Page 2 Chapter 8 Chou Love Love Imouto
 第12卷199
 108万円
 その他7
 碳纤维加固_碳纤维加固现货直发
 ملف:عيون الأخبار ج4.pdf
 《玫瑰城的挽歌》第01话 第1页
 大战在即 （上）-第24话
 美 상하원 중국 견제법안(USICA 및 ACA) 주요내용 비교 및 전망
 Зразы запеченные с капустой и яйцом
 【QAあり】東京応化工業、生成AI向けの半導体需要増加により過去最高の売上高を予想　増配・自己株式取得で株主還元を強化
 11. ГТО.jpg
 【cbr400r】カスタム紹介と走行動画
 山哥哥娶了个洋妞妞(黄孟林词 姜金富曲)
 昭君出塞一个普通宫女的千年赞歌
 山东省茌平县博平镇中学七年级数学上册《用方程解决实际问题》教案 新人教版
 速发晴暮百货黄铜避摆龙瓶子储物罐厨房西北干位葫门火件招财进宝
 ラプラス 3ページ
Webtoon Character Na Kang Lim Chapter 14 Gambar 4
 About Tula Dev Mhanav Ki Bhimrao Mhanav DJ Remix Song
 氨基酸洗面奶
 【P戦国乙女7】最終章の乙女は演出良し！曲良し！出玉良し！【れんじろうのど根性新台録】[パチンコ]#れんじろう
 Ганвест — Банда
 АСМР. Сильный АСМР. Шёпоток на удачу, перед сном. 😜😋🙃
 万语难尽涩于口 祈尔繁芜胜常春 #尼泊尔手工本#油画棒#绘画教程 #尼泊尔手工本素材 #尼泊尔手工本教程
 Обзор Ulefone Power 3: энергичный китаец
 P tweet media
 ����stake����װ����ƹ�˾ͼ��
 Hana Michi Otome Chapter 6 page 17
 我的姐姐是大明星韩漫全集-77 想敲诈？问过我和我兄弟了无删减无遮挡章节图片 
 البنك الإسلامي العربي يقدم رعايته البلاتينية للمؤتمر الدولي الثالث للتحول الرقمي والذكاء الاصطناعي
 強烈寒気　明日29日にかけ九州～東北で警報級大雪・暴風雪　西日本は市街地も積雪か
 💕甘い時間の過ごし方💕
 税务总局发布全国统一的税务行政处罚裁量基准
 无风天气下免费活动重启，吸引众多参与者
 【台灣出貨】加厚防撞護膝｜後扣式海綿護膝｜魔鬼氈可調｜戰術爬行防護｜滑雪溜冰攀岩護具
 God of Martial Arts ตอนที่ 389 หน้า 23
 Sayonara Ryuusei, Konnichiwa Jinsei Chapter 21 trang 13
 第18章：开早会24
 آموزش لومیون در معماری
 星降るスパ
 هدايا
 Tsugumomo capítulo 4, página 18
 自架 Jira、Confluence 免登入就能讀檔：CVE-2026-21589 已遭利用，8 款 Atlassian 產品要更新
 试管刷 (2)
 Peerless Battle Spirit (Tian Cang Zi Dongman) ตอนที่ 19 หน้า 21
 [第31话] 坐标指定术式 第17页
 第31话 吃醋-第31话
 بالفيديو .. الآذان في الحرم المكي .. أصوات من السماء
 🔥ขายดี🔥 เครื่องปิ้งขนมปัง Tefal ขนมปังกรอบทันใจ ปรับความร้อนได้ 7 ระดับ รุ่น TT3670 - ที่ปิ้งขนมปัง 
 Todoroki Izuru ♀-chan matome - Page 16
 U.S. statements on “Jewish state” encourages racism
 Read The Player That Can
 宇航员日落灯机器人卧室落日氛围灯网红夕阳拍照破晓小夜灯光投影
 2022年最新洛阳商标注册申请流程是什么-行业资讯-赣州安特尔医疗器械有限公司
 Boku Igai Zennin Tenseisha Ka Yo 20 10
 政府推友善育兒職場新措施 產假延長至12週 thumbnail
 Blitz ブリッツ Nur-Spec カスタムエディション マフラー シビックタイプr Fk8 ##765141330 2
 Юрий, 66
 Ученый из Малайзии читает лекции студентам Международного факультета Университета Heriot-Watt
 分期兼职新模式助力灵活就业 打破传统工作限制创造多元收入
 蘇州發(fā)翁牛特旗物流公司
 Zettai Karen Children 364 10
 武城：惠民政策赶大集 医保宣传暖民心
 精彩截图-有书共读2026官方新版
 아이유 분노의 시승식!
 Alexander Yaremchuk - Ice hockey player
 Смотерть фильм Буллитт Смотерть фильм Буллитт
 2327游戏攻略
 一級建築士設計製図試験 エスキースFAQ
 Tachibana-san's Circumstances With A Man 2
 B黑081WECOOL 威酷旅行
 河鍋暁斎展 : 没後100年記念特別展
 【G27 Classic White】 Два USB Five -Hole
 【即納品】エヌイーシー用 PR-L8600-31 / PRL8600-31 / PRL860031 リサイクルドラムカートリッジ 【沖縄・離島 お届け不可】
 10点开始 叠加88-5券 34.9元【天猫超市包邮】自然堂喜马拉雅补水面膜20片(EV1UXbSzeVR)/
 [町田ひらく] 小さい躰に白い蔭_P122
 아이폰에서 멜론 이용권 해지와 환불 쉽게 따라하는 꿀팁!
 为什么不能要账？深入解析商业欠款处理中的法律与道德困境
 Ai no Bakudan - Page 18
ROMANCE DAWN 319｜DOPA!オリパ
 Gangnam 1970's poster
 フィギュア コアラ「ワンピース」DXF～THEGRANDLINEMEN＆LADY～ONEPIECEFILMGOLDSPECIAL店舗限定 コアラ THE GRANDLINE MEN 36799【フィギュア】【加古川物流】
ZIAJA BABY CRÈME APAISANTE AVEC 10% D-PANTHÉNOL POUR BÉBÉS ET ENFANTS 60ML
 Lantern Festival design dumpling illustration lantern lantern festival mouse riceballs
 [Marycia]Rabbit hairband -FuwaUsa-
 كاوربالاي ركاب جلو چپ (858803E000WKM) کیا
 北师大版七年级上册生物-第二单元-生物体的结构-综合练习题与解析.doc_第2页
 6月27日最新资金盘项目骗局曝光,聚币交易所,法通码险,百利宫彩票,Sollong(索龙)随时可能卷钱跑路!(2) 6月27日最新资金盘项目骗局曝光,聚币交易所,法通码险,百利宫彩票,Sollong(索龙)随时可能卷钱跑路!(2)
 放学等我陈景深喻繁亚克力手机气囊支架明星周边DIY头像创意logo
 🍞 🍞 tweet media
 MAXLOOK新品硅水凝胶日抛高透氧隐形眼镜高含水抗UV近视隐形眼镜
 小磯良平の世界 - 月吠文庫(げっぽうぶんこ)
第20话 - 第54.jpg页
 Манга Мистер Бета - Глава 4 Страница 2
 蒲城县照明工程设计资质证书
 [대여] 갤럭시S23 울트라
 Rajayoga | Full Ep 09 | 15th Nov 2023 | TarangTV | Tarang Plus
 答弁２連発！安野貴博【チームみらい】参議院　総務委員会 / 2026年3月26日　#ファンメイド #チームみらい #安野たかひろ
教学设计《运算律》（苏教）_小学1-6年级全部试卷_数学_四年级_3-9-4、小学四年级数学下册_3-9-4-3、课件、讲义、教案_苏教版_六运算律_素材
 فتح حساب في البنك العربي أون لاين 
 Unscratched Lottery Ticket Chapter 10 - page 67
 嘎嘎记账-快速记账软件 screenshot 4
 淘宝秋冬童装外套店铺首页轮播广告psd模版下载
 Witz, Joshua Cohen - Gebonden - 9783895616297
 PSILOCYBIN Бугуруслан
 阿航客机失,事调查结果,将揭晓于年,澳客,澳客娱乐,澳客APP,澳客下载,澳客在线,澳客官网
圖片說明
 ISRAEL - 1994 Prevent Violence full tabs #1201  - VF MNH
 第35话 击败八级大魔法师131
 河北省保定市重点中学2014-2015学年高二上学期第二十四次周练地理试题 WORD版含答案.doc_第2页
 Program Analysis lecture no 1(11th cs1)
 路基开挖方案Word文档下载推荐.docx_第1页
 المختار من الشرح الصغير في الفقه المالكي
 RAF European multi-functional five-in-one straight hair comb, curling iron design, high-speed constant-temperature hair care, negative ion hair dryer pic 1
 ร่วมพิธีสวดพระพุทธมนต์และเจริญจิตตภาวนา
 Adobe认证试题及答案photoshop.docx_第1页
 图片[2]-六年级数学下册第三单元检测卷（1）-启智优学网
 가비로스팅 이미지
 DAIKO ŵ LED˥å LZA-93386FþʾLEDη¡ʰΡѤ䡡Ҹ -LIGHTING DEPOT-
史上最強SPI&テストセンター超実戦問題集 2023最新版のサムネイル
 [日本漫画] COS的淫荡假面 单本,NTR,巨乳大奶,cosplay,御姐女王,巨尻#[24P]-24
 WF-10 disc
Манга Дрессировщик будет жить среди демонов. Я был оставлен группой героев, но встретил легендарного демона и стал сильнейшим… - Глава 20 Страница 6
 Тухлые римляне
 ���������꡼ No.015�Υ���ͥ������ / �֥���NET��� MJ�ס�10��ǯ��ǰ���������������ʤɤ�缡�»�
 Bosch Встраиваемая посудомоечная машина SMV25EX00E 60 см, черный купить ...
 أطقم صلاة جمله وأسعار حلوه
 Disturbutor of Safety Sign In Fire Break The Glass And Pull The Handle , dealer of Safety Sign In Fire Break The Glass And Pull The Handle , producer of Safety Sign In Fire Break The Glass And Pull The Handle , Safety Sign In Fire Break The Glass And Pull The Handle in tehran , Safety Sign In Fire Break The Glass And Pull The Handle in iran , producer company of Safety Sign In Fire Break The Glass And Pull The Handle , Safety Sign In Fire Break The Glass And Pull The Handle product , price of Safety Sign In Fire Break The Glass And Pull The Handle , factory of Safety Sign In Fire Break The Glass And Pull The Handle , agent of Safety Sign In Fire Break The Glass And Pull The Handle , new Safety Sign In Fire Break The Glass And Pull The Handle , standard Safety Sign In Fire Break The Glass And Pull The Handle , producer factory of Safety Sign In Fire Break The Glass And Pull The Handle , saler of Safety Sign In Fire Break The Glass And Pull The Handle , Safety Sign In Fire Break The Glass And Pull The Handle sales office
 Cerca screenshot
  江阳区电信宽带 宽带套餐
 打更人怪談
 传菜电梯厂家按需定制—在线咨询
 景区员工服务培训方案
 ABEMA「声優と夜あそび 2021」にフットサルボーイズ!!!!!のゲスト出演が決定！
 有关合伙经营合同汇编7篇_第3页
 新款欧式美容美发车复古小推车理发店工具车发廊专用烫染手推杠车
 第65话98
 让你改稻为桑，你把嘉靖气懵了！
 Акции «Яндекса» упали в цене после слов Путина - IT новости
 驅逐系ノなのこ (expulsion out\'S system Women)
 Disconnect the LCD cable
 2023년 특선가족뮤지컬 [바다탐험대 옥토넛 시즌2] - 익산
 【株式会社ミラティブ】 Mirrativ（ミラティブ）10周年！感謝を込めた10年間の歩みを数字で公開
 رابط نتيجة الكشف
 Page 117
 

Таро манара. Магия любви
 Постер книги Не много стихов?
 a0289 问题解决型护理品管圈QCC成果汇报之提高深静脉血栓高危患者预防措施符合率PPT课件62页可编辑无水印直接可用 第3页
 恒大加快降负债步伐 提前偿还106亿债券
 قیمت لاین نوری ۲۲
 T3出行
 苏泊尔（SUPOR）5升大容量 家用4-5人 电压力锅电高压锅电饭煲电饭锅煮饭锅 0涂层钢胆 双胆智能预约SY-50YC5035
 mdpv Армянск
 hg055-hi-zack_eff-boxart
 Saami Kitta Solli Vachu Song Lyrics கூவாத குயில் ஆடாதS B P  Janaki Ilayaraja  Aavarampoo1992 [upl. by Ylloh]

------------------------------------

## Exercise requirements
Repeat, word for word, the lines from the opening of the material through the line containing "Alexander Yaremchuk - Ice hockey player".

## Answer
Page 2 Chapter 8 Chou Love Love Imouto
 第12卷199
 108万円
 その他7
 碳纤维加固_碳纤维加固现货直发
 ملف:عيون الأخبار ج4.pdf
 《玫瑰城的挽歌》第01话 第1页
 大战在即 （上）-第24话
 美 상하원 중국 견제법안(USICA 및 ACA) 주요내용 비교 및 전망
 Зразы запеченные с капустой и яйцом
 【QAあり】東京応化工業、生成AI向けの半導体需要増加により過去最高の売上高を予想　増配・自己株式取得で株主還元を強化
 11. ГТО.jpg
 【cbr400r】カスタム紹介と走行動画
 山哥哥娶了个洋妞妞(黄孟林词 姜金富曲)
 昭君出塞一个普通宫女的千年赞歌
 山东省茌平县博平镇中学七年级数学上册《用方程解决实际问题》教案 新人教版
 速发晴暮百货黄铜避摆龙瓶子储物罐厨房西北干位葫门火件招财进宝
 ラプラス 3ページ
Webtoon Character Na Kang Lim Chapter 14 Gambar 4
 About Tula Dev Mhanav Ki Bhimrao Mhanav DJ Remix Song
 氨基酸洗面奶
 【P戦国乙女7】最終章の乙女は演出良し！曲良し！出玉良し！【れんじろうのど根性新台録】[パチンコ]#れんじろう
 Ганвест — Банда
 АСМР. Сильный АСМР. Шёпоток на удачу, перед сном. 😜😋🙃
 万语难尽涩于口 祈尔繁芜胜常春 #尼泊尔手工本#油画棒#绘画教程 #尼泊尔手工本素材 #尼泊尔手工本教程
 Обзор Ulefone Power 3: энергичный китаец
 P tweet media
 ����stake����װ����ƹ�˾ͼ��
 Hana Michi Otome Chapter 6 page 17
 我的姐姐是大明星韩漫全集-77 想敲诈？问过我和我兄弟了无删减无遮挡章节图片 
 البنك الإسلامي العربي يقدم رعايته البلاتينية للمؤتمر الدولي الثالث للتحول الرقمي والذكاء الاصطناعي
 強烈寒気　明日29日にかけ九州～東北で警報級大雪・暴風雪　西日本は市街地も積雪か
 💕甘い時間の過ごし方💕
 税务总局发布全国统一的税务行政处罚裁量基准
 无风天气下免费活动重启，吸引众多参与者
 【台灣出貨】加厚防撞護膝｜後扣式海綿護膝｜魔鬼氈可調｜戰術爬行防護｜滑雪溜冰攀岩護具
 God of Martial Arts ตอนที่ 389 หน้า 23
 Sayonara Ryuusei, Konnichiwa Jinsei Chapter 21 trang 13
 第18章：开早会24
 آموزش لومیون در معماری
 星降るスパ
 هدايا
 Tsugumomo capítulo 4, página 18
 自架 Jira、Confluence 免登入就能讀檔：CVE-2026-21589 已遭利用，8 款 Atlassian 產品要更新
 试管刷 (2)
 Peerless Battle Spirit (Tian Cang Zi Dongman) ตอนที่ 19 หน้า 21
 [第31话] 坐标指定术式 第17页
 第31话 吃醋-第31话
 بالفيديو .. الآذان في الحرم المكي .. أصوات من السماء
 🔥ขายดี🔥 เครื่องปิ้งขนมปัง Tefal ขนมปังกรอบทันใจ ปรับความร้อนได้ 7 ระดับ รุ่น TT3670 - ที่ปิ้งขนมปัง 
 Todoroki Izuru ♀-chan matome - Page 16
 U.S. statements on “Jewish state” encourages racism
 Read The Player That Can
 宇航员日落灯机器人卧室落日氛围灯网红夕阳拍照破晓小夜灯光投影
 2022年最新洛阳商标注册申请流程是什么-行业资讯-赣州安特尔医疗器械有限公司
 Boku Igai Zennin Tenseisha Ka Yo 20 10
 政府推友善育兒職場新措施 產假延長至12週 thumbnail
 Blitz ブリッツ Nur-Spec カスタムエディション マフラー シビックタイプr Fk8 ##765141330 2
 Юрий, 66
 Ученый из Малайзии читает лекции студентам Международного факультета Университета Heriot-Watt
 分期兼职新模式助力灵活就业 打破传统工作限制创造多元收入
 蘇州發(fā)翁牛特旗物流公司
 Zettai Karen Children 364 10
 武城：惠民政策赶大集 医保宣传暖民心
 精彩截图-有书共读2026官方新版
 아이유 분노의 시승식!
 Alexander Yaremchuk - Ice hockey player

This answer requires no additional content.